En una época en la cual el cine de terror con
frecuencia produce risas, la cinta de Osorio nos garantiza sobresaltos y nos agobia con esa extraña carnicería que
viven los nueve soldados y que nos
recuerda a cada instante la barbarie en que vivimos.
Ponce, Pablo Barragán. |
Al margen de eso da gusto
comprobar una vez más en esta producción que nuestro cine parece haberse
despedido definitivamente de los fallos de producción que siempre le dieron ese
toque de pobreza tan característico. Más allá de que al principio el relato
transcurre muy lentamente, da gusto la agilidad del montaje. Las bisagras están
aceitadas y bien puestas. Aquellos saltos visuales que daban cuenta de errores
y olvidos durante el rodaje son ahora parte del pasado.

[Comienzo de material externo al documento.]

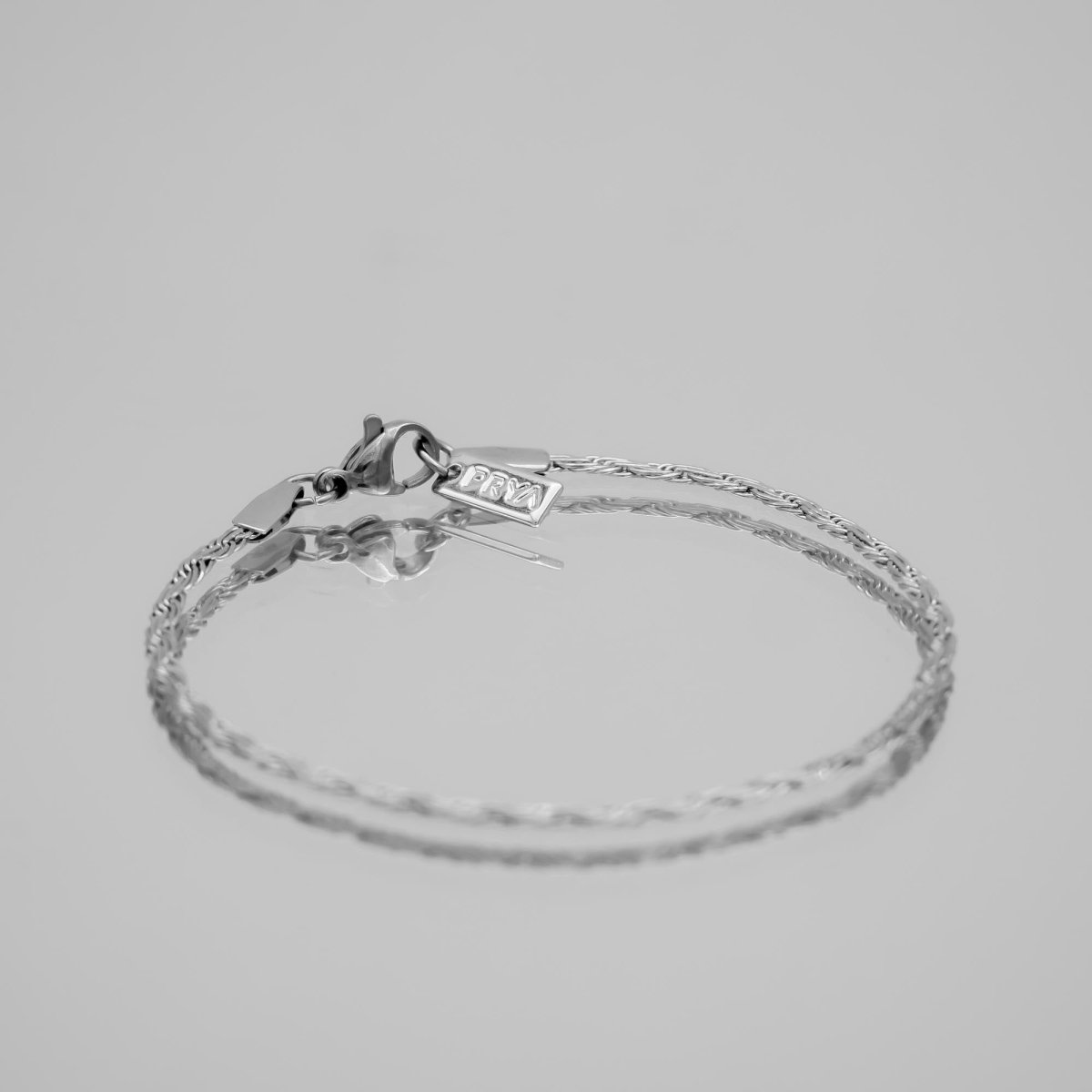 Flat Rope Chain Bracelet - ISMI JEWELS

Las actuaciones también merecen una mención: acostumbrados
como estamos a los aspavientos y a los diálogos sobreactuados de ciertas
improvisadas glorias de la actuación, el reparto aquí se siente preciso y se
desenvuelve con naturalidad, sin excepciones. Otro gran acierto es la
ambientación, responsable del miedo que sienten tanto los personajes como los
espectadores: en ese paisaje abierto y de alta montaña el director logra
meternos en una atmósfera opresiva con la oscuridad, la neblina y los
frailejones, que se alzan a manera de extraños espectros.